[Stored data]
--*--
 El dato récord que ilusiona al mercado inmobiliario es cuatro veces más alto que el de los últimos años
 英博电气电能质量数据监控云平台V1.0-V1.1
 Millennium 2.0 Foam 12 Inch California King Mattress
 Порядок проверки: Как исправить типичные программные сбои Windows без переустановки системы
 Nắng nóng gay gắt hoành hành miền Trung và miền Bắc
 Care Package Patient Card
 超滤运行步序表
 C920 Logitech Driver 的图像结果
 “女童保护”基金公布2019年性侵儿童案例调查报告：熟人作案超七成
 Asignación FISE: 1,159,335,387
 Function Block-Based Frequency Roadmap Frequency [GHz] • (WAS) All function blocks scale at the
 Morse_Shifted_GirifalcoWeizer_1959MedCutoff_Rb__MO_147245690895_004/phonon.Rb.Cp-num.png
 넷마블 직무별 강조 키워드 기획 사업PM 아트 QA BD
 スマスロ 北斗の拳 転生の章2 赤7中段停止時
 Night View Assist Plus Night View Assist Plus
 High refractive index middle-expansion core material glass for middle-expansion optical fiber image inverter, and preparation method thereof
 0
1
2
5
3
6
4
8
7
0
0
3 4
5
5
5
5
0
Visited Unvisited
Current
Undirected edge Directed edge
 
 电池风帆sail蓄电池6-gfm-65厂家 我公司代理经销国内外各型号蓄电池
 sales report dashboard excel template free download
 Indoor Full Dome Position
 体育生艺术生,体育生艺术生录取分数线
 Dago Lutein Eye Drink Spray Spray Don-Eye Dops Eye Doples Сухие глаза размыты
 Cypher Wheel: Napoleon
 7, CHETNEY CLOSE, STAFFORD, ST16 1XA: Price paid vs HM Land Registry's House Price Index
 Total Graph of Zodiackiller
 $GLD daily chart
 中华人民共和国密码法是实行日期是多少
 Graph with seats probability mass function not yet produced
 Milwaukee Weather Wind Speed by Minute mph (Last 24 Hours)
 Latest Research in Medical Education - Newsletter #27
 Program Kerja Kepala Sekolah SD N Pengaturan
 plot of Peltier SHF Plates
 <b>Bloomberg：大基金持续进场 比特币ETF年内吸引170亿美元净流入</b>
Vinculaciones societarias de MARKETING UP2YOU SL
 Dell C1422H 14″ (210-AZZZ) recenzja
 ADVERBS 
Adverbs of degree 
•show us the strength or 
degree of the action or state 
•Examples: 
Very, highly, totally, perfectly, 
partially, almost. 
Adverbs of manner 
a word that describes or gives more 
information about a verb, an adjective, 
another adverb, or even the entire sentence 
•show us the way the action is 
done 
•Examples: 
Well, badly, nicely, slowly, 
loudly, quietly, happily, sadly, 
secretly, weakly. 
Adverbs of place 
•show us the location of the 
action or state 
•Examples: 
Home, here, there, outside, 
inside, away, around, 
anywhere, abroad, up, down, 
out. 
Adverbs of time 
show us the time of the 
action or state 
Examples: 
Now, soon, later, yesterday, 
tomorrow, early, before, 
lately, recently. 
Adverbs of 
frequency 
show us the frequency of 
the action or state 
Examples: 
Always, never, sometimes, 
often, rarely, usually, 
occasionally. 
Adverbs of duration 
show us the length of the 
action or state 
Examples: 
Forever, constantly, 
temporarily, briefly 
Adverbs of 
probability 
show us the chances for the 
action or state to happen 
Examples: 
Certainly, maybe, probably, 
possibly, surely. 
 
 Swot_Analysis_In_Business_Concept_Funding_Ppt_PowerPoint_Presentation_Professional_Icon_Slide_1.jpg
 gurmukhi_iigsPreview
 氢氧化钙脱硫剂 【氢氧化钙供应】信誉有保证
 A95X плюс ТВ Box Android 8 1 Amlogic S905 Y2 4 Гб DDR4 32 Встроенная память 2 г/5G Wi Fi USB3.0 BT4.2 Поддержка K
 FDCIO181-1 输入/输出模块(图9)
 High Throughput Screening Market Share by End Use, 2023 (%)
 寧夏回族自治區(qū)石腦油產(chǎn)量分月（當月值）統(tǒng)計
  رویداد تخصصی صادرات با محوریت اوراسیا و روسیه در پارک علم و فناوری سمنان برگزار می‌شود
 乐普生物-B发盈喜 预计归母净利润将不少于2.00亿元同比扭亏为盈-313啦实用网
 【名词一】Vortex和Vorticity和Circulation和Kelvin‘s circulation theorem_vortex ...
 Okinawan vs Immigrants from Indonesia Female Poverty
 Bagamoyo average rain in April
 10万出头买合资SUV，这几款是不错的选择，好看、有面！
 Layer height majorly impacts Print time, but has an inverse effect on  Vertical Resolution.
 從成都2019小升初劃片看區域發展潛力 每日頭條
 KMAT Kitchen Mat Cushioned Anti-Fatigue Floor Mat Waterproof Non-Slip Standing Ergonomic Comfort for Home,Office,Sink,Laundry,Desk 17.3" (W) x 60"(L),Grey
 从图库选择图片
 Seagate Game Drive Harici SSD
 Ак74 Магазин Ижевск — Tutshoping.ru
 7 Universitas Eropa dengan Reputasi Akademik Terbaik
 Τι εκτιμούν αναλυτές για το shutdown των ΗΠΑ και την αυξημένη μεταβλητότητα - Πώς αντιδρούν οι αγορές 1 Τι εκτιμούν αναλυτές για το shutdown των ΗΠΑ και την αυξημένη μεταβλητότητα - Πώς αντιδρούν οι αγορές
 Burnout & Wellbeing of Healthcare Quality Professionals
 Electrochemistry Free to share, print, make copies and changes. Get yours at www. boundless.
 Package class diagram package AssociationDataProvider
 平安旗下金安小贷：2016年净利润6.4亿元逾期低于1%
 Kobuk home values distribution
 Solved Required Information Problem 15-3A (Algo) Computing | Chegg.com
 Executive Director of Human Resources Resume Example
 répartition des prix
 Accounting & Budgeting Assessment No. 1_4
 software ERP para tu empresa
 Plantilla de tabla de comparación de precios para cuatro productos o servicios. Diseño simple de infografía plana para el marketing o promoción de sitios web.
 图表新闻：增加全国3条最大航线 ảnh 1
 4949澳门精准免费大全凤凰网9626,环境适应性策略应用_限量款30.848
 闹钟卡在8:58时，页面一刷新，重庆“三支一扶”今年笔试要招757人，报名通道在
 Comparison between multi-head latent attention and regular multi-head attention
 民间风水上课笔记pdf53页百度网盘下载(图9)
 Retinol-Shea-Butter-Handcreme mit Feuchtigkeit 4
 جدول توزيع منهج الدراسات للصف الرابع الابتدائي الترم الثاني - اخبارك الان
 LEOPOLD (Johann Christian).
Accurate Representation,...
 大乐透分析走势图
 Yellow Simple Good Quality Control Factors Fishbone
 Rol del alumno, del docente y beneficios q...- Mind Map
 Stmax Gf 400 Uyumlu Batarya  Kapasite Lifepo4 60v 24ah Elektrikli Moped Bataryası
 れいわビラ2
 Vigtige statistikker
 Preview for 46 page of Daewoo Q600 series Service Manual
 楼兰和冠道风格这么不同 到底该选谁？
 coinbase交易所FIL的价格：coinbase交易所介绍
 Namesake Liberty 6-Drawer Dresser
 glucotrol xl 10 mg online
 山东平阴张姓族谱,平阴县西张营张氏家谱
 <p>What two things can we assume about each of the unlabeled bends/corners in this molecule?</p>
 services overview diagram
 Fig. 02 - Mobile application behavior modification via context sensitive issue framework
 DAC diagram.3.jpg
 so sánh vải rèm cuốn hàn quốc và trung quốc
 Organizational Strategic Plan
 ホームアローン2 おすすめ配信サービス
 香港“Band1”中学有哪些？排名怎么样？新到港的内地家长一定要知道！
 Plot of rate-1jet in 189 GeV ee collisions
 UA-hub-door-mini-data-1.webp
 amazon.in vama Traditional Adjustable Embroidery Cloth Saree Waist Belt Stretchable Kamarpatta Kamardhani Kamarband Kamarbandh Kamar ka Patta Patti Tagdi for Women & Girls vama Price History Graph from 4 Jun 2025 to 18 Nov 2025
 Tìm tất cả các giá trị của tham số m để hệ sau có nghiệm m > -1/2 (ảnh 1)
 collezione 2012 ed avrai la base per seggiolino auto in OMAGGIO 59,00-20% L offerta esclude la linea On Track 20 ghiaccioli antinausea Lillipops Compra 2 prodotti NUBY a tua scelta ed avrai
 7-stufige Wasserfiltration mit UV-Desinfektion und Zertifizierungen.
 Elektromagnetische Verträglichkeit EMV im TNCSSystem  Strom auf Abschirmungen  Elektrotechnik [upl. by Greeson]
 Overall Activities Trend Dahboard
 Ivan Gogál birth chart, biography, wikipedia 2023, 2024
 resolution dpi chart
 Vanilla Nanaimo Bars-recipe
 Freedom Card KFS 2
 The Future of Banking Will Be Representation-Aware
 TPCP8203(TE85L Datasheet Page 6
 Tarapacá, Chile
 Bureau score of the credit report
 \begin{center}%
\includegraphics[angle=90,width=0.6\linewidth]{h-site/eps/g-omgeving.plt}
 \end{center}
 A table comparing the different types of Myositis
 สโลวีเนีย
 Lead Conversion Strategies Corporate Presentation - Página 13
--*--
**Problem statement:** All lines of the records containing "Quality" should be shown.

**Output of the task:**
 Burnout & Wellbeing of Healthcare Quality Professionals
 Yellow Simple Good Quality Control Factors Fishbone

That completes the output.